22.ago.2017
in-image-advertising

In-Image Advertising, a terceira onda que está a revolucionar a publicidade digital


Estamos num período de mudança nos mercados publicitários digitais. Dentro desta mudança, a meu ver, houve três grandes ondas no desenvolvimento da publicidade digital, sobretudo ao nível dos formatos publicitários.

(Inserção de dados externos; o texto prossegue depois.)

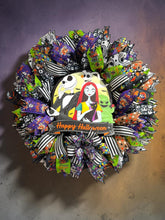 Nightmare Before Christmas Inspired Jack & Sally Halloween Wreath | 24 Inch Front Door Decor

A primeira onda centrou-se no aspeto gráfico dos banners, que se manteve igual durante vários anos. Depois, passámos de criatividades pequenas na Publicidade Display, a formatos cada vez maiores, como Interstitials e Expandables. O exagero no uso destes grandes formatos deu lugar a uma rejeição dos anúncios por parte dos utilizadores, que se manifestou com o uso de adblockers, por exemplo.

A segunda onda centrou-se na parte do texto, o conteúdo. Esta é uma onda que se centrou sobretudo no uso de links de texto mais ou menos elaborados, com ou sem imagens, mas que evoluíram para novos formatos de Native Advertising, que estão a ter êxito.

A terceira onda é a publicidade nas imagens, o In-Image Advertising. Basicamente, trata-se de estabelecer formatos mais reduzidos nas próprias imagens, nas quais nunca se tinha colocado publicidade.


Como funciona?

Por exemplo, imaginemos uma imagem do filme Frozen e imaginemos que eu sou a Disney. Realmente, interessar-me-ia estar nessa imagem, porque quem a vê são as pessoas que estão interessadas no filme ou no merchandising do mesmo. Teria, então, 2 formas de utilizar in-image advertising: por um lado, redirecionando os cliques à secção do Frozen da minha loja, para poder vender mais merchandising; por outro lado, posso mostrar filmes infantis para esse mesmo target. Como vemos, para a Disney isto seria muito interessante.

Este tipo de publicidade é baseado não só numa tecnologia contextual, mas também em Business Intelligence. Isto é, não só analisam as tags das imagens, como muitas vezes analisam o ambiente em que as mesmas estão inseridas. Isto é algo muito importante, pois imaginemos uma imagem de um avião que aparece num anúncio da Iberia, mas essa imagem ou artigo é de um acidente aéreo… É por isso que o contexto é importante.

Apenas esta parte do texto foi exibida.